**RECORD EXTRACTS**
=====
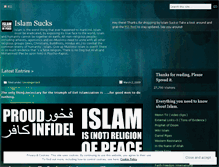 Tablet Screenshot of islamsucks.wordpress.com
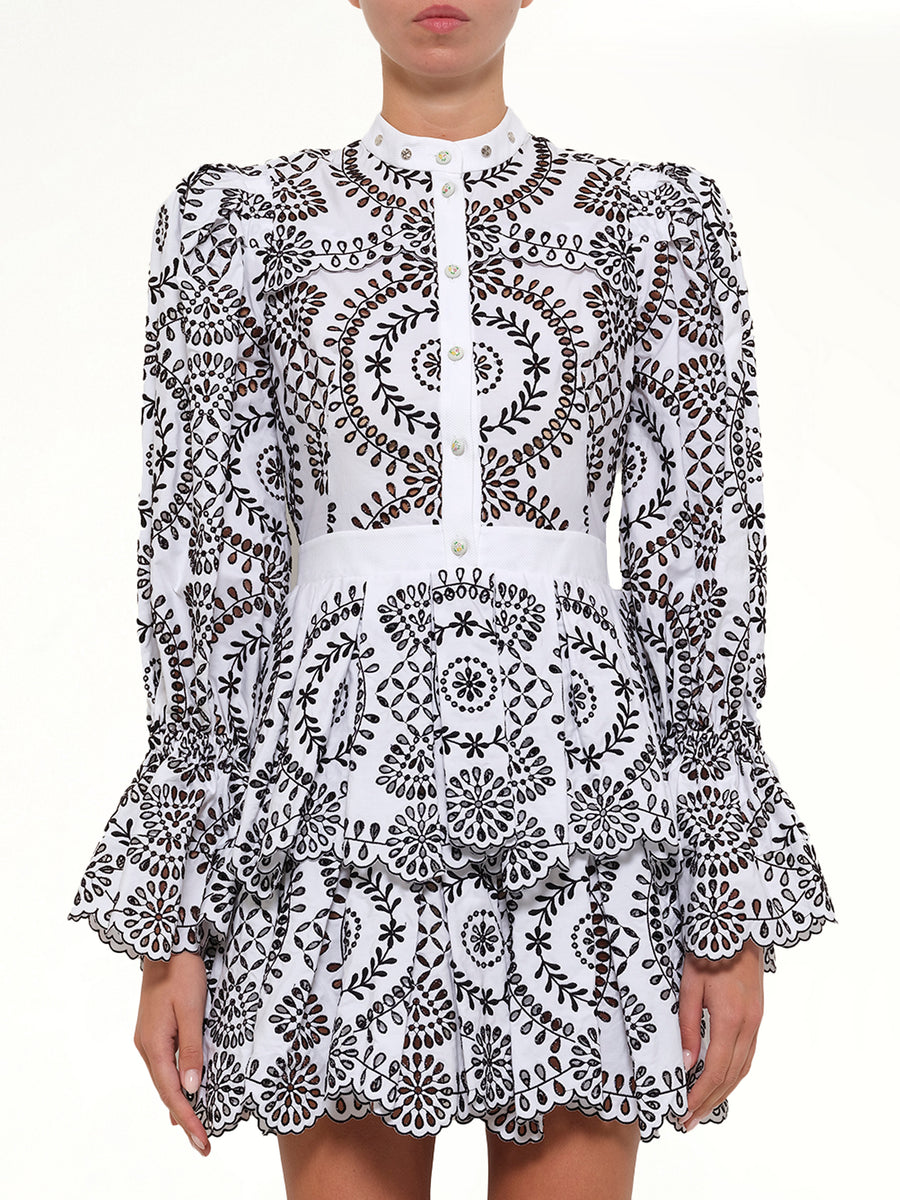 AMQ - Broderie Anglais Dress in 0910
=====
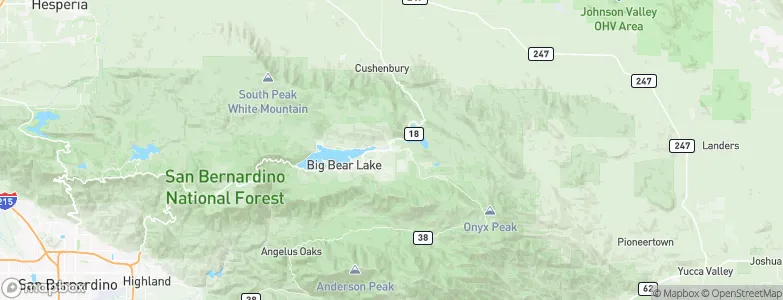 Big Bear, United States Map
=====
**WHAT YOU SHOULD DO**
Starting at the line with "Tablet Screenshot of" in the entries above, write out every line exactly until the line with "AMQ - Broderie Anglais Dress in 0910" has been written. Include no pictures and nothing more.

**THE COMPLETED TASK**
 Tablet Screenshot of islamsucks.wordpress.com
 AMQ - Broderie Anglais Dress in 0910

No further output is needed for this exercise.